▸ **Data provided**:
-.-.-

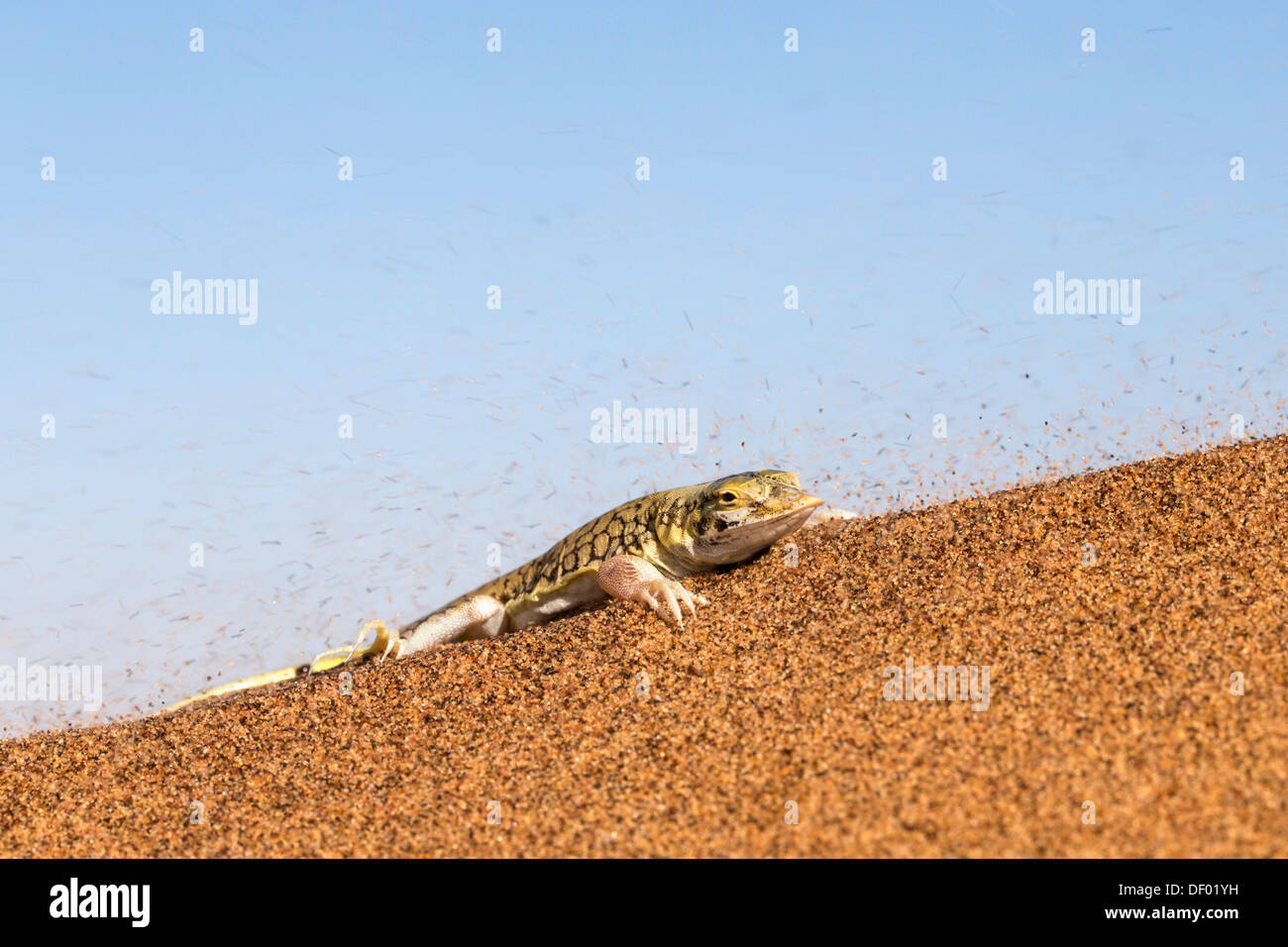 Shovel-snouted lizard (Meroles anchietae), Namib Desert, Namibia, April 2013 cropped Stock Photo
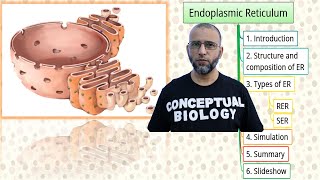 Endoplasmic Reticulum with Dr Sohail Jamil Qureshi  MDCAT Biology [upl. by Crescantia]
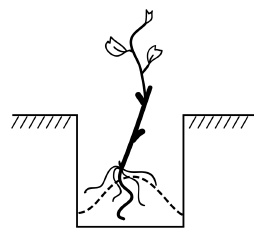 Иллюстрация к книге — Обрезка винограда. Проверенные способы формировки укрывного винограда в средней полосе России [i_008.jpg]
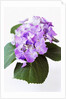 Cluster of Purple Hydrangea Flowers by Anonymous
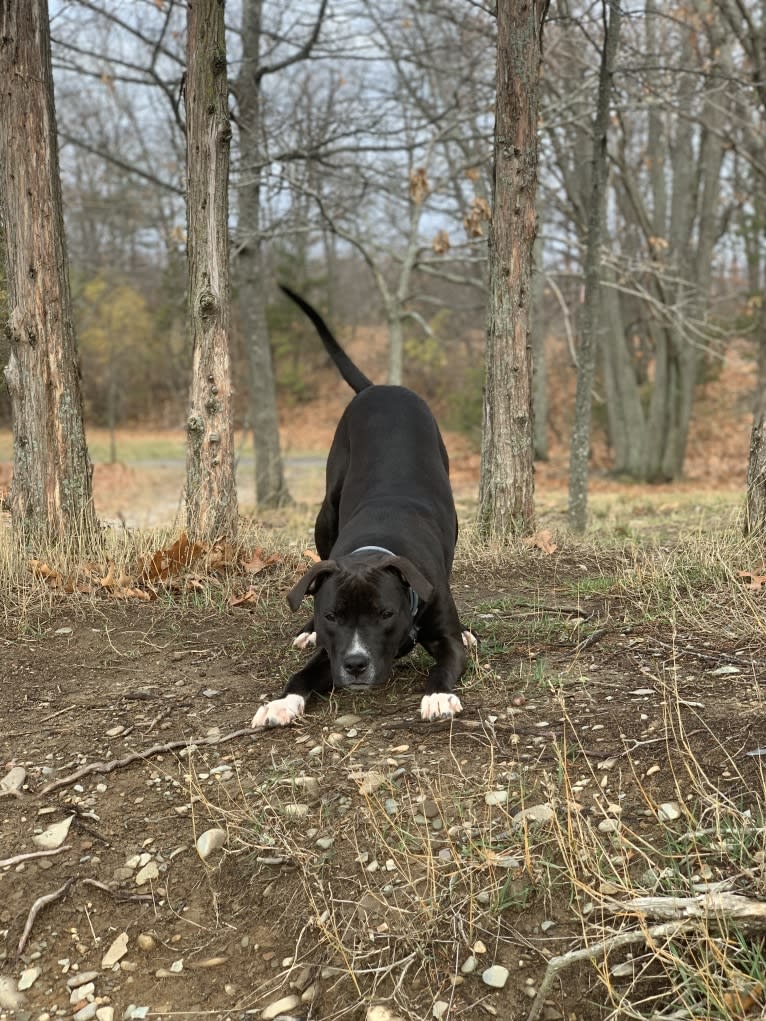 Louie, an American Pit Bull Terrier and American Staffordshire Terrier mix tested with EmbarkVet.com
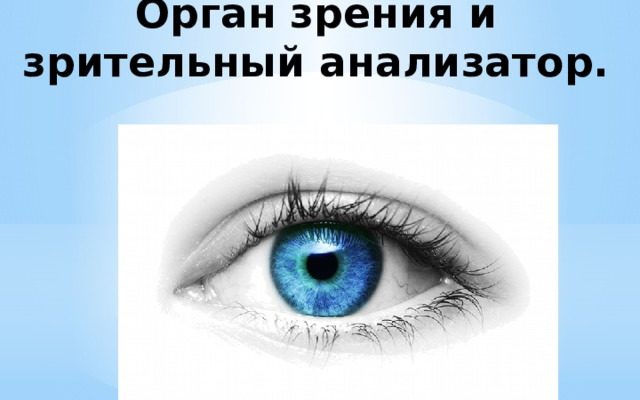 КАК УСТРОЕНО ГЛАЗНОЕ ЯБЛОКО БИОЛОГИЯ 8 КЛАСС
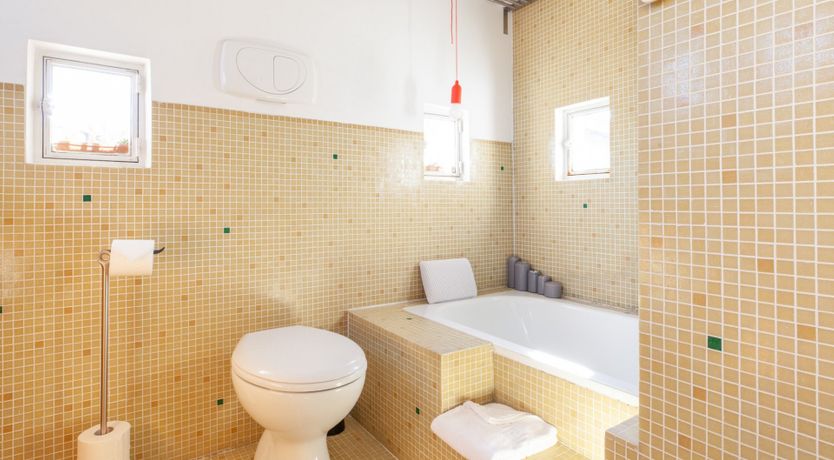 Photo of The Rooster and the Dog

-.-.-

▸ **The task**: Repeat the listing verbatim, pictures excluded.

▸ **Answer section**:
 Shovel-snouted lizard (Meroles anchietae), Namib Desert, Namibia, April 2013 cropped Stock Photo
 Endoplasmic Reticulum with Dr Sohail Jamil Qureshi  MDCAT Biology [upl. by Crescantia]
 Иллюстрация к книге — Обрезка винограда. Проверенные способы формировки укрывного винограда в средней полосе России [i_008.jpg]
 Cluster of Purple Hydrangea Flowers by Anonymous
 Louie, an American Pit Bull Terrier and American Staffordshire Terrier mix tested with EmbarkVet.com
 КАК УСТРОЕНО ГЛАЗНОЕ ЯБЛОКО БИОЛОГИЯ 8 КЛАСС
 Photo of The Rooster and the Dog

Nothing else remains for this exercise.